Le titre ne sort que sous forme d’inédit dans leur compilation « A Strada » qui paraît au printemps 2000. Ce CD, qui résume 13 albums, renferme aussi une version aux accents corses du « Amsterdam » de Jacques Brel. Entre, 99 et 2001, le groupe continue de tourner activement. On les voit sur les festivals (Spa, juillet 99), dans de grandes salles parisiennes (Olympia 99, Zénith, 23 juin 99 ou Bercy, 14 décembre 2000), et les participations à divers événements liés à la culture corse (Messe polyphonique en l’église St Jean et Stéphane des Minimes à Bruxelles, 23 janvier 2000). Enfin à l’instar de Cheb Mami, leur duo avec Sting les a lancés sur le marché international. Ils donnent donc une tournée nord-américaine de huit dates en juillet 2001 suivie de quelques dates sur les festivals français avant la rituelle tournée corse du mois d’août. Une tournée allemande a lieu à l’automne 2001.
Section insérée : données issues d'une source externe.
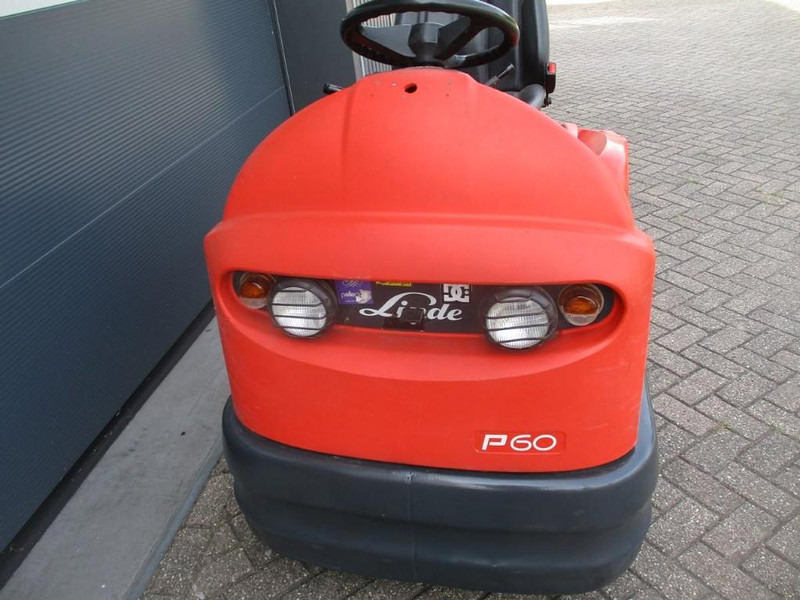 Linde P 60 - Akülü çekici: fotoğraf 5 Linde P 60 - Akülü çekici: fotoğraf 5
Le 13 septembre, le groupe chante à l’église américaine de Paris en hommage aux victimes du 11 septembre. Mais leur nouvel « Umani », annoncé à l’automne 2001, ne doit finalement sortir que le 20 août 2002. Le 19 mai 2002, ils participent à un concert de soutien au profit du festival de Poupet en Vendée lequel connaît des menaces de disparition pour causes de nuisances sonores. Alors que le groupe est toujours plus ou moins sur les routes, avec une escale notamment au Festival de jazz à Nice en juillet et la tournée rituelle en Corse du mois d’août, l’album « Umani » (Humains) est mis sur le marché fin août. Emmené par le simple intitulé « Jalalabad » avec la participation du rappeur MC Solaar et qui évoque le sort des femmes afghanes, l’album est résolument tourné vers d’autres cultures. On peut ainsi entendre sur « Un sognu pè campà » le chanteur suisse Stephan Eicher ou Josefina Fernandes sur le titre « Vogliu » qui mélange de façon très intéressante la voix et la guitare flamenca, à la polyphonie corse. La pochette de l’album est signée Antoni Tapies, le peintre catalan qui offre là au groupe corse, une oeuvre originale. Parallèlement à la sortie de l’album, Jean-François Bernardini fait paraître un livre « Umani » (Editions du Seuil) qui rassemble poèmes, textes de chansons et réflexion sur son île. Après plus de 20 ans de carrière, I Muvrini continue de se battre en faveur d’une Corse pacifiée et fraternelle. En adaptant la tradition ancestrale de la polyphonie aux sons actuels, ils ont su faire connaître et faire apprécier leur culture et leur langue.